▶ TASK DIRECTIONS
Each line below is to be repeated exactly; any picture is to be left out.

▶ DATASET SECTION
▬▬▬▬▬▬▬▬▬▬

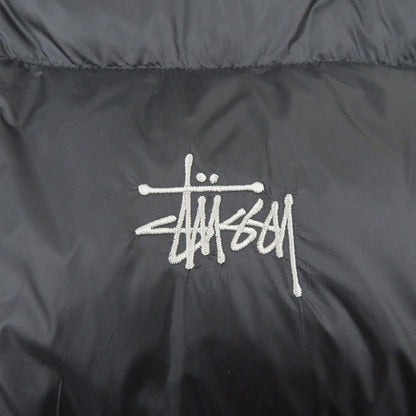 STUSSY | ステューシー MICRO RIPSTOP DOWN PARKA ダウンジャケット 115685 ブラック サイズ：M【瀬戸大橋店】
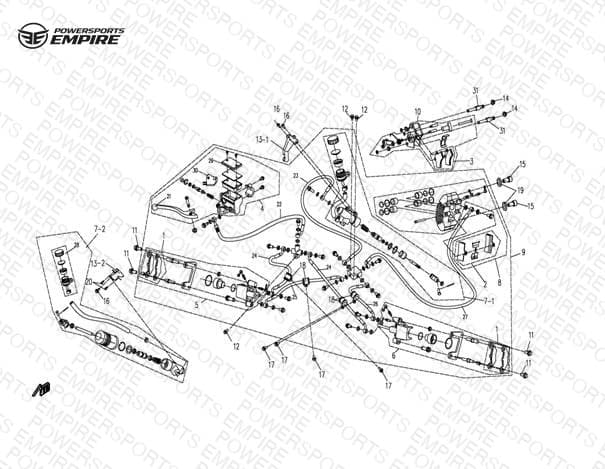 F22 — HYDRAULIC BRAKE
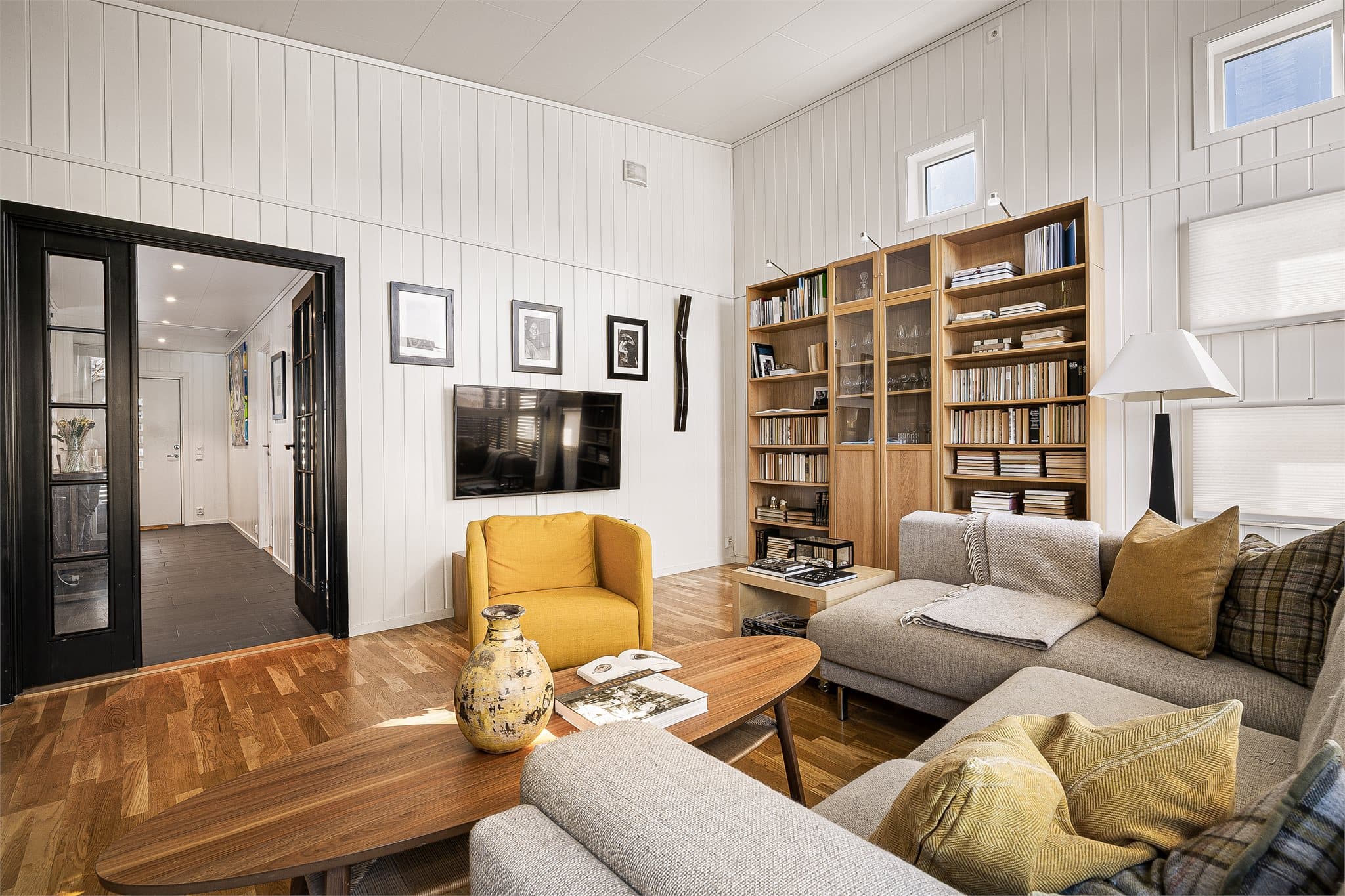 - Eneboliger over et plan finnes det få av og ansees som svært attraktivt! -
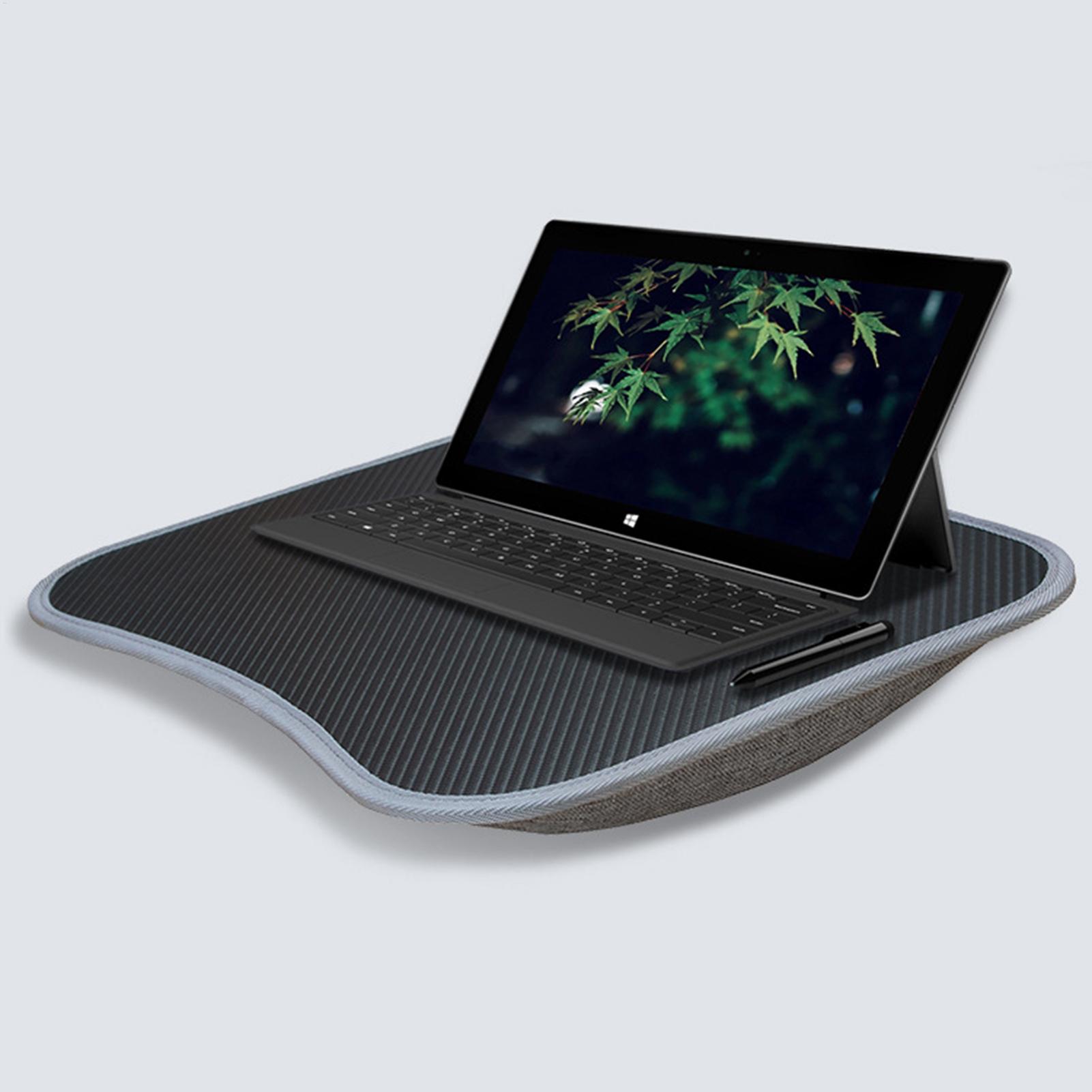 Meja Laptop dengan Bantalan Ba - Tablet Lap Desk ulasan dan harga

▬▬▬▬▬▬▬▬▬▬

▶ OUTPUT FOR THIS TASK
 STUSSY | ステューシー MICRO RIPSTOP DOWN PARKA ダウンジャケット 115685 ブラック サイズ：M【瀬戸大橋店】
 F22 — HYDRAULIC BRAKE
 - Eneboliger over et plan finnes det få av og ansees som svært attraktivt! -
 Meja Laptop dengan Bantalan Ba - Tablet Lap Desk ulasan dan harga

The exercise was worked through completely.